Normal-dispersion Microcombs Enabled by Controllable Mode Interactions

TL;DR

This paper presents a controllable scheme using coupled microresonators with microheaters to generate broadband normal-dispersion microcombs, expanding the potential wavelength range for microcomb applications.

Contribution

It introduces a novel method to programmatically tune mode interactions in coupled microresonators for Kerr microcomb generation in the normal dispersion regime.

Findings

Demonstrated broadband normal-dispersion microcombs using controllable mode interactions

Achieved microcomb generation, repetition rate selection, and mode locking with silicon nitride microrings

Showed potential for extending microcomb wavelength ranges, including visible spectrum

Abstract

We demonstrate a scheme incorporating dual coupled microresonators through which mode interactions are intentionally introduced and controlled for Kerr frequency comb (microcomb) generation in the normal dispersion region.

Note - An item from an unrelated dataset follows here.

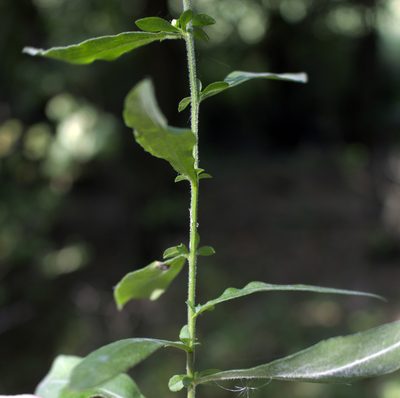 Symphyotrichum ontarionis, photographed by aarongunnar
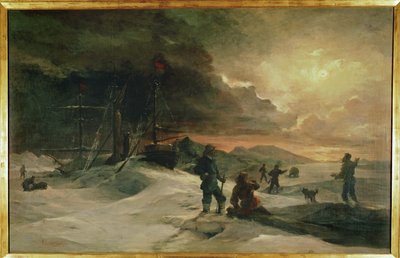 Twee Oostenrijkse officieren, Julius von Payer en Karl Weyprecht ... (schilderij op doek) door Julius Von Payer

Microcomb generation, repetition rate selection, and mode locking are achieved with coupled silicon nitride microrings controlled via an on-chip microheater. Our results show for the first time that mode interactions can be programmably tuned to facilitate broadband normal-dispersion microcombs. The proposed scheme increases freedom in microresonator design and may make it possible to generate microcombs in an extended wavelength range (e.g., in the visible) where normal material dispersion is likely to dominate.